Importantly, this allegory is closely connected with the central idea that reigned in the Medieval Times. Priests stressed the idea that the entire history is a story written by God. More so, the priests often used allegories revealing the idea that “only God – its author – really knew, in detail, what the story was” (Vitz 112). God was knowledgeable and people could not see the whole picture and, hence, had to follow rules set.
Admittedly, people could not think of the purpose of their life and they could not try to change it as it was against God’s will. Of course, this was beneficial for the clergy who could take complete control over people who had to work and be almost slaves of the priests and nobility.
The fight of angels and demons for people’s souls is also an important allegory used by priests. Thus, dying people are often depicted in the center of the battle. The battle stands for passions that can overcome people and people’s duty to resist temptations. Again, these temptations are not only connected with such simple things as being good to people and living simple lives. One of major virtues was being submissive and following the rules set by priests. Therefore, the battle of demons and angels is a reminder for people to live in a righteous way to get the most important thing in the world, afterlife in paradise.

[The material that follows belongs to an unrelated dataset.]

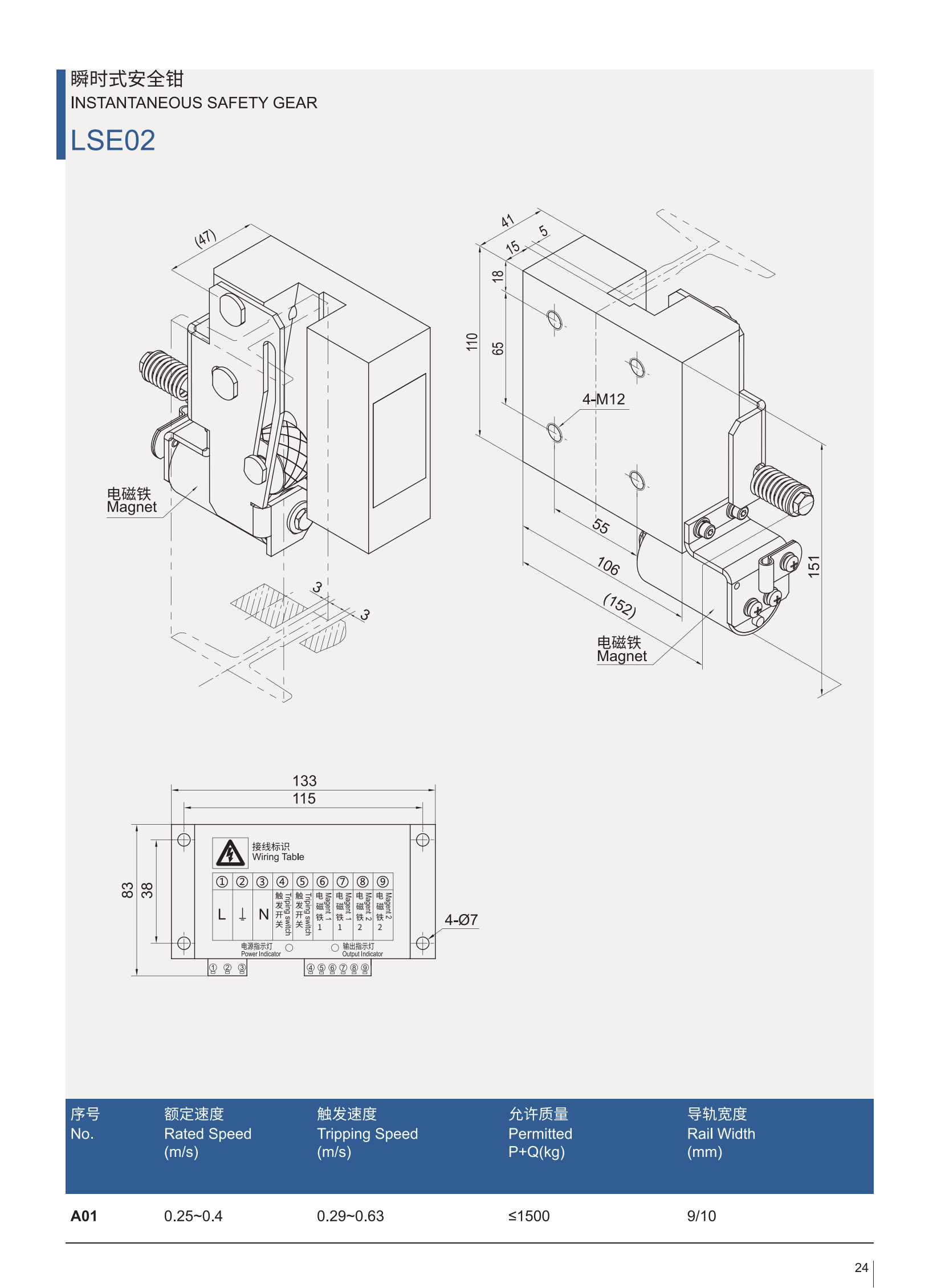 Produktkatalog von LSE02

Another important allegory is the Last Judgment. Apart from the judgment right after death, all souls are bound to be judged when the Doomsday comes. This is another trial all people have to remember of. The priests used this allegory quite often as they used it as a tool to make people obedient.
A very widespread allegory was also the idea of witchcraft. The priests started the war on witchcraft which was, in reality, in the vast majority of cases, a struggle against disobedience or attempts to think differently. A person could be condemned as a witch for trying to question the order established by the priests and/or nobility.
Thus, scientists who tried to reveal secrets of nature or women who could treat people with herbs were all seen as witches as they tried to do what only priests could do. Saving people or explaining secrets of nature were complete responsibilities of the priests who stressed that they were instruments of god. Clearly, this was a strong allegory as the priests created horrific pictures in people’s minds and they could keep all people in obedience.
Vitz, Evelyn Birge. Medieval Narratives and Modern Narratology: Subjects and Objects of Desire. New York, NY: NYU Press, 1992. Print.